これは、コンサルタントがその業界に詳しくない場合に、その会社のビジネスを全体感として把握するためのテンプレートです。
私もあまり詳しくない業界の仕事をする場合は、ビジネスモデルキャンヴァスを使っています。(たまにですが)
会社の仕事の流れを一枚で把握できる、という意味では優れたものなので、一度作ってみるのも良いです。
DX推進プロジェクトの全体の流れ

今回、提供しているDX推進テンプレートは、上記の流れで進むように作成しています。
- 現状の把握
- 現状の問題点の抽出
- 問題の課題化
- 課題解決案の作成
- 課題解決策の決定
- 課題解決策の導入、実施
- 新体制の確認、検証
基本的には、「カイゼン」型のDXです。「現状の問題点を、デジタルツールによって改善して、生産性の向上を図る」という設計にしています。
「理想追求型」で進めるモデルもありますが、中小企業のDX、デジタル化は、まずはカイゼン型で進める方が良いと、私は考えています。
中小企業は経営資源が限られており、今まさに人手不足で人的資源の確保が難しくなってきている状況です。
理想追求型だと、ついつい新しい分野にチャレンジしがちにるため、経営資源が限られた中小企業からすると、「選択と集中」の原則から外れてしまう可能性があります。
「限られた資源で仕事を今より良い形で回す、そうこうしているうちに仕事のレベルが上がって、仕事の内容も変わってきて、結果的にDXが成功していた」というのが、中小企業のDXの理想の進め方だと思っています。
DXの事例紹介セミナーでも、「DXをやろうとは思っていなかった、現場の課題を解決していくうちに、業績も向上して、結果的にDX事例として取り上げられるようになった」という発表が良くあります。広島県DX推進コミュニティの動画ですと、こちらの動画などがその事例です。

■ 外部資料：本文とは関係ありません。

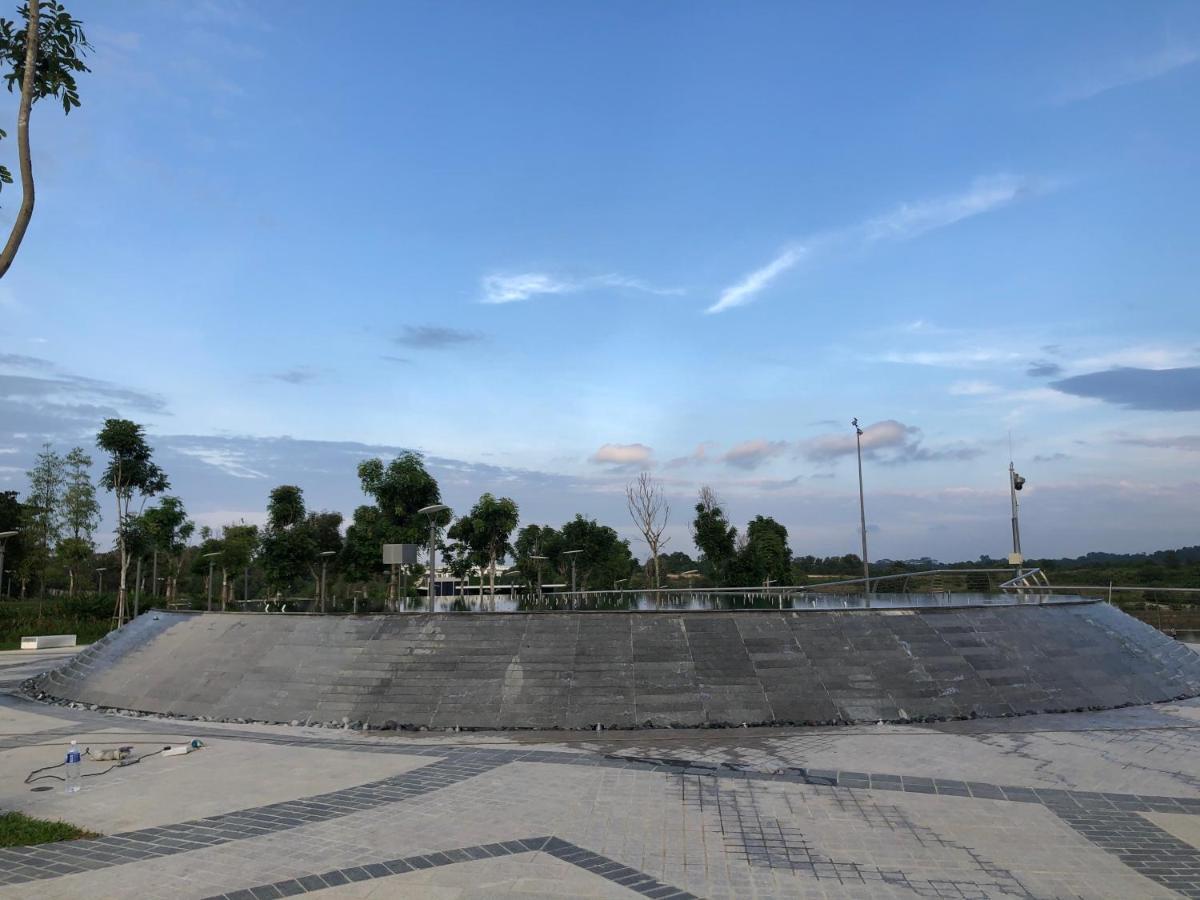 Teega Residence @ Cosy Seafront Living Nusajaya  Bagian luar foto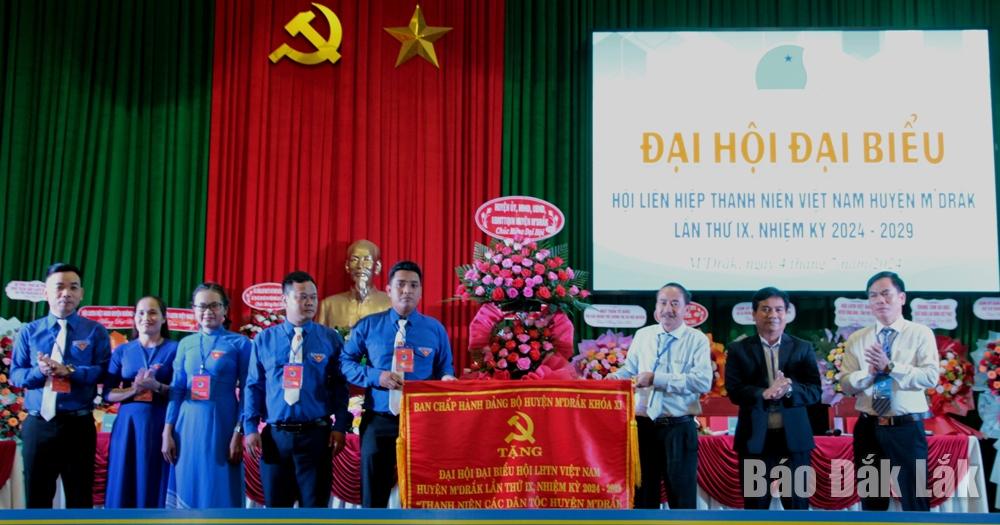 Lãnh đạo huyện MDrắk trao bức trướng của Ban Chấp hành Đảng bộ huyện tặng đại hội.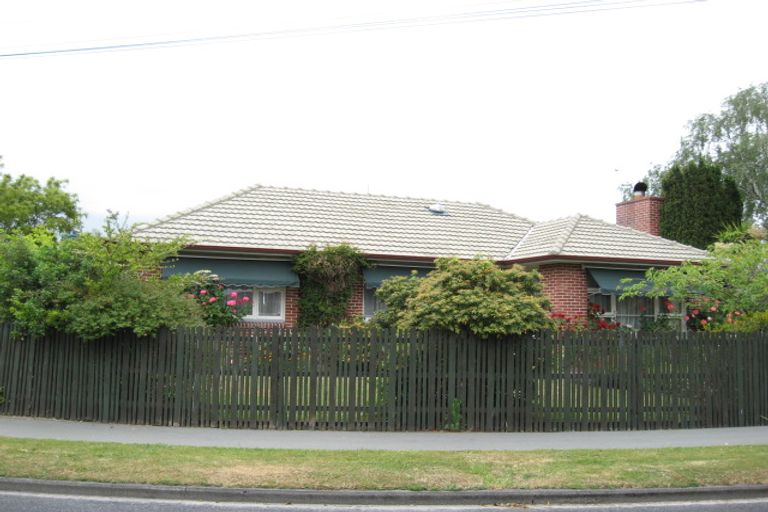Photo of property in 61 Greendale Avenue, Avonhead, Christchurch, 8042
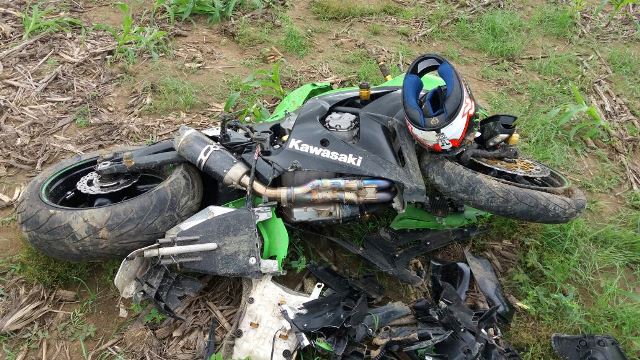Condutor de moto esportiva morre em acidente na AP-70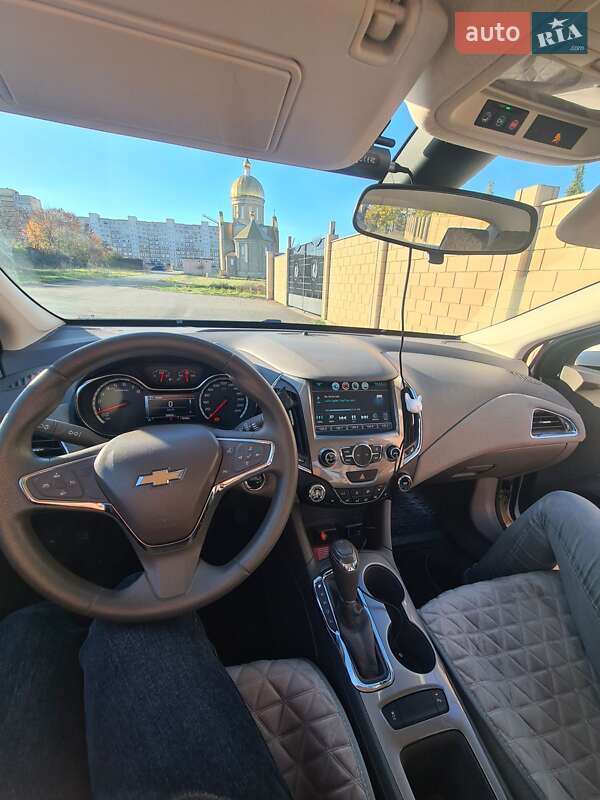 Седан Chevrolet Cruze 2016 в Черноморске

ここからは、それぞれのフェーズにおける、テンプレートを一つ一つ紹介していきます。
現状把握フェーズ
DXによって変える業務を絞り込む際は、まず現行の業務を「見える化」(可視化)します。
「まずは己自身を知れ」です。
思い付きで取組テーマを決めると、本来やるべきことじゃないことに取り組んでしまうこともあります。

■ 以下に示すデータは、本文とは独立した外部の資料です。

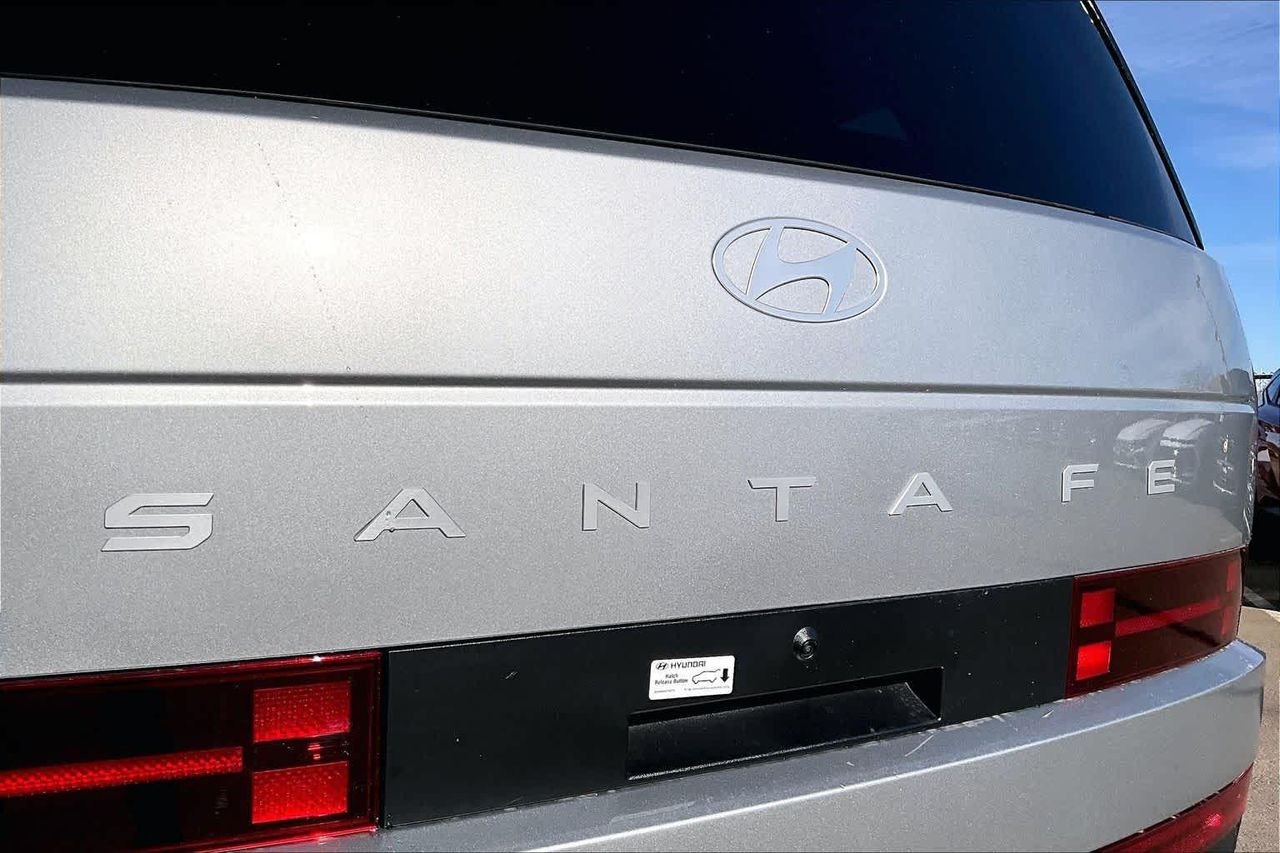 New 2026 Shimmering Silver Hyundai SEL image 15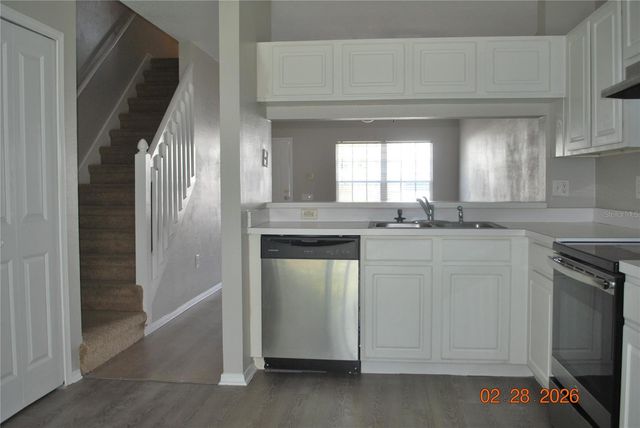 2368 LAKE WOODBERRY CIRCLE, Brandon, FL 33510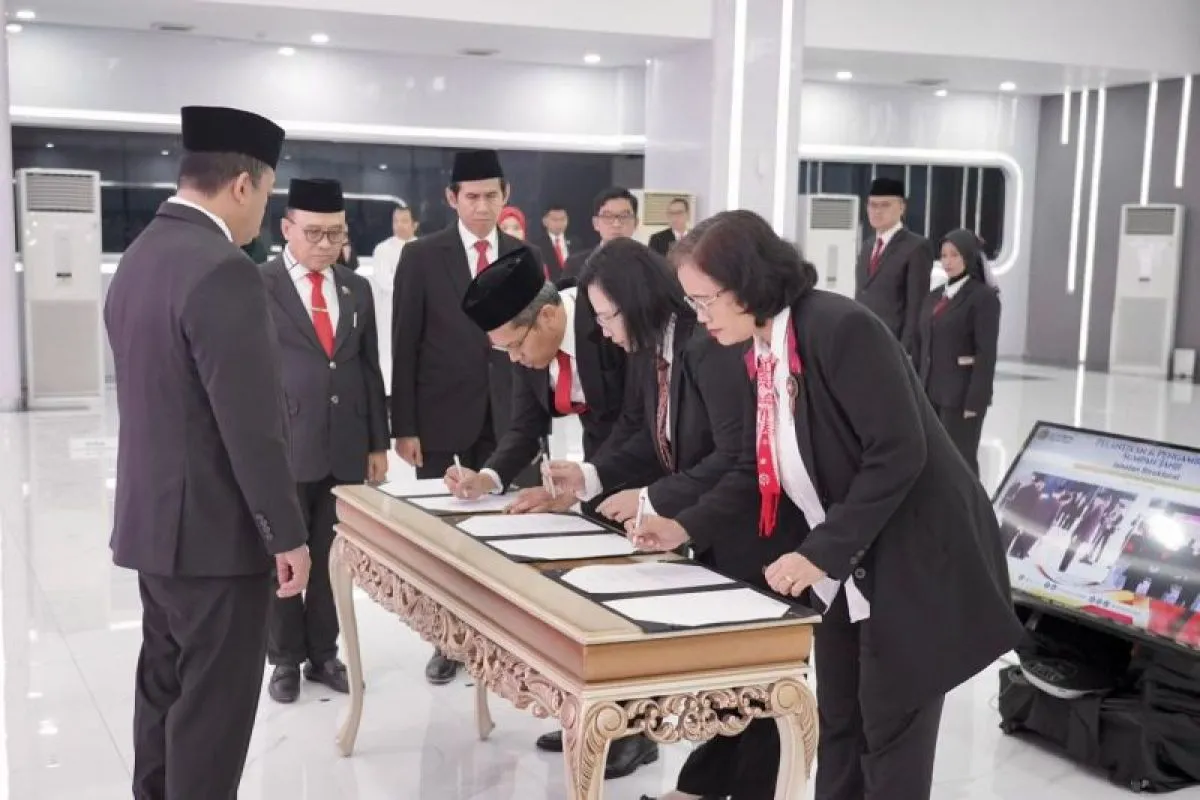 Menteri ATR/BPN Lantik 85 Pejabat, Tekankan Reformasi SDM Lewat Rotasi dan Pembatasan Masa Jabatan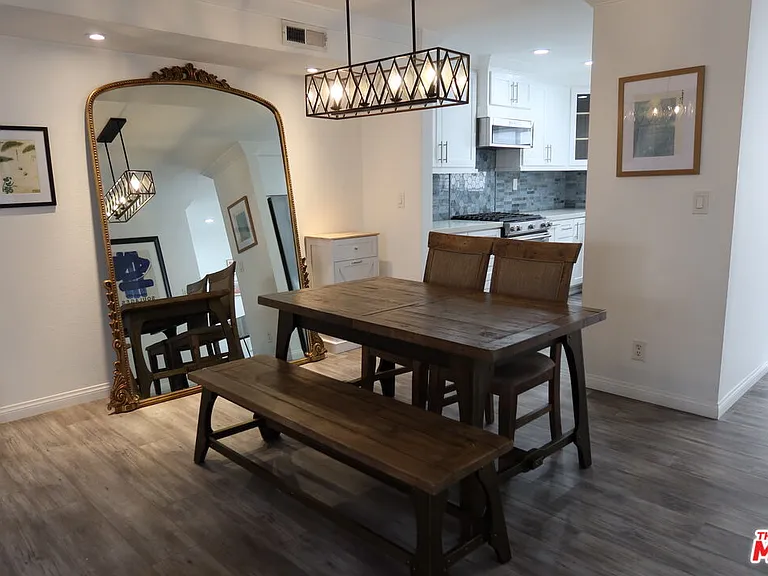944 Palm Ave #2 — Photo 2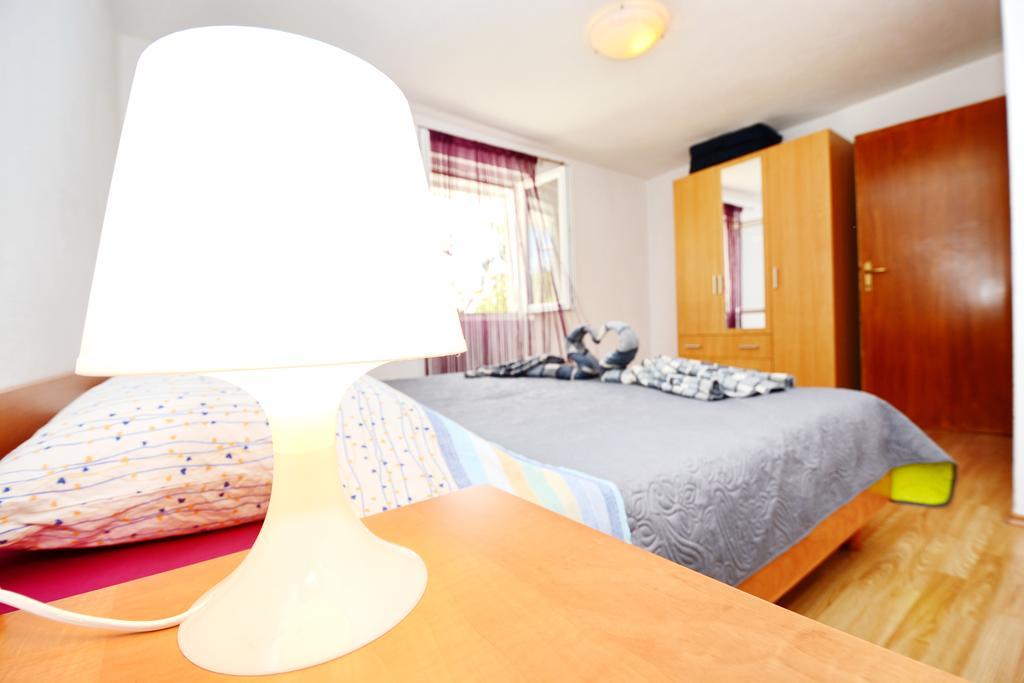 Apartments Katarina เวลีราต ภายนอก รูปภาพ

自社の仕事をあらかじめまとめて、全体を俯瞰してから始めた方が、適切なテーマにたどり着くことができます。
マンダラート

業務を可視化する方法はいくつかありますが、弊社では「マンダラート」をお勧めしています。
A4 1枚で業務の全体像を把握することができ、粒度(業務の細分化のレベル)も、大分類、中分類ぐらいで把握するぐらいでちょうど良いです。
いくつか実際に作成したサンプルシートもありますので、ご参考にしながら、業務一覧を作成していただければと思います。

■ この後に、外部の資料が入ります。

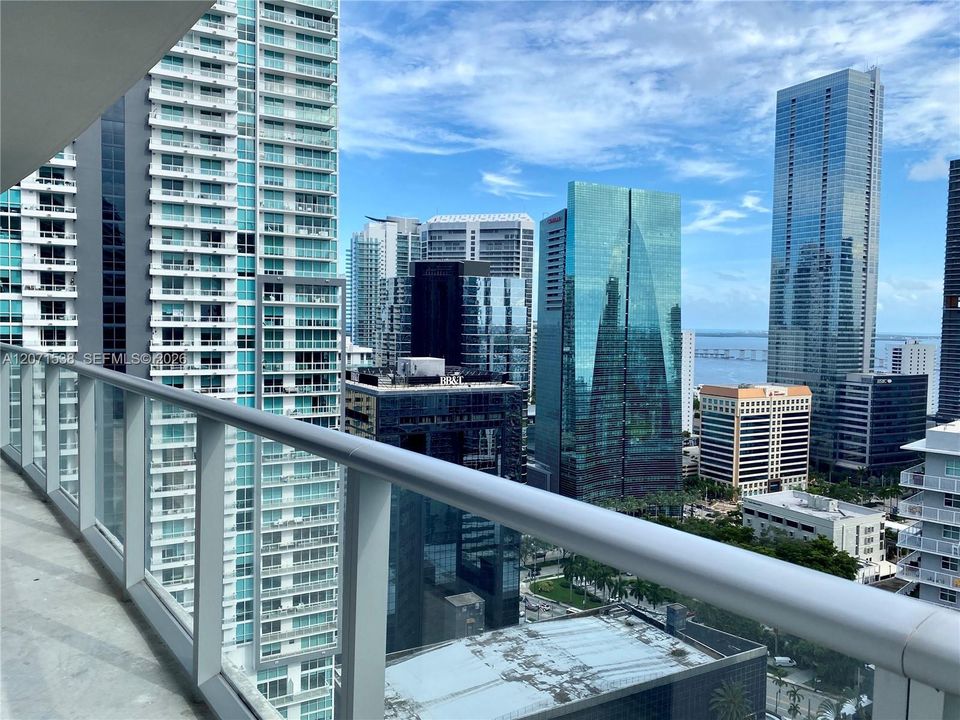 For Rent: $4,100 (2 beds, 2 baths, 921 Square Feet)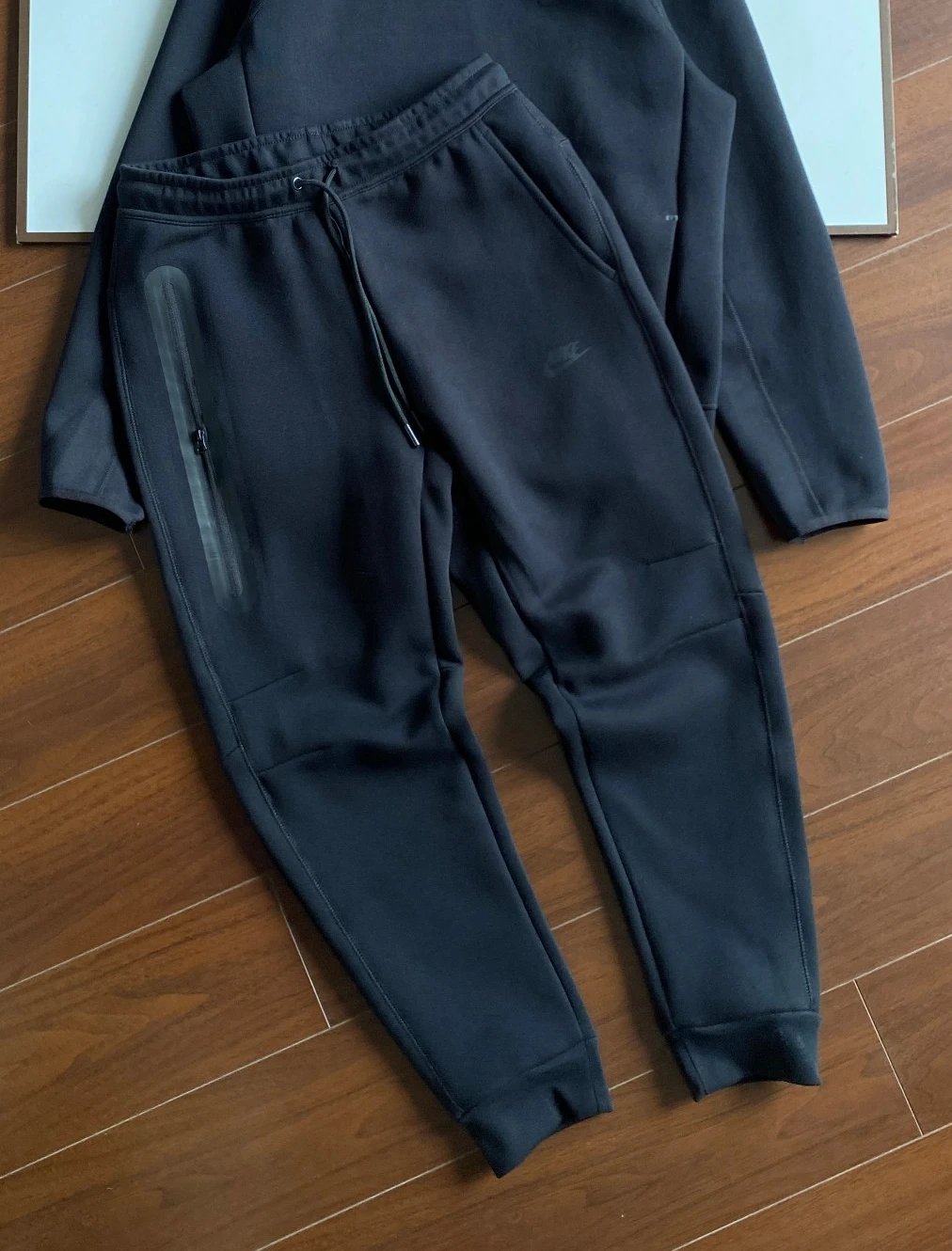 6 6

ご参考までに、過去にマンダラートについて書いた記事も貼っておきます。
社内システム一覧表

DXにおいては、社内に別々に存在するデータを、シームレスに(分断されていない、継ぎ目なく))運用することが大事になってきます。データが「繋がる」ことによって、新たな価値を生むのです。
現状、どのようなデータがどこにあるのか、運用上の課題があるのかをまとめておくこともお勧めしています。
社内書類一覧表

DXは、業務をデジタル化することによって成果を出すものです。よって、紙で処理されている業務が何かを、まず洗い出しておくこともお勧めです。
紙は紙で便利なところもありますので、最終的に紙を無くすかどうかは別として、現状、紙で処理されている業務があれば、事前にまとめておくことをお勧めします。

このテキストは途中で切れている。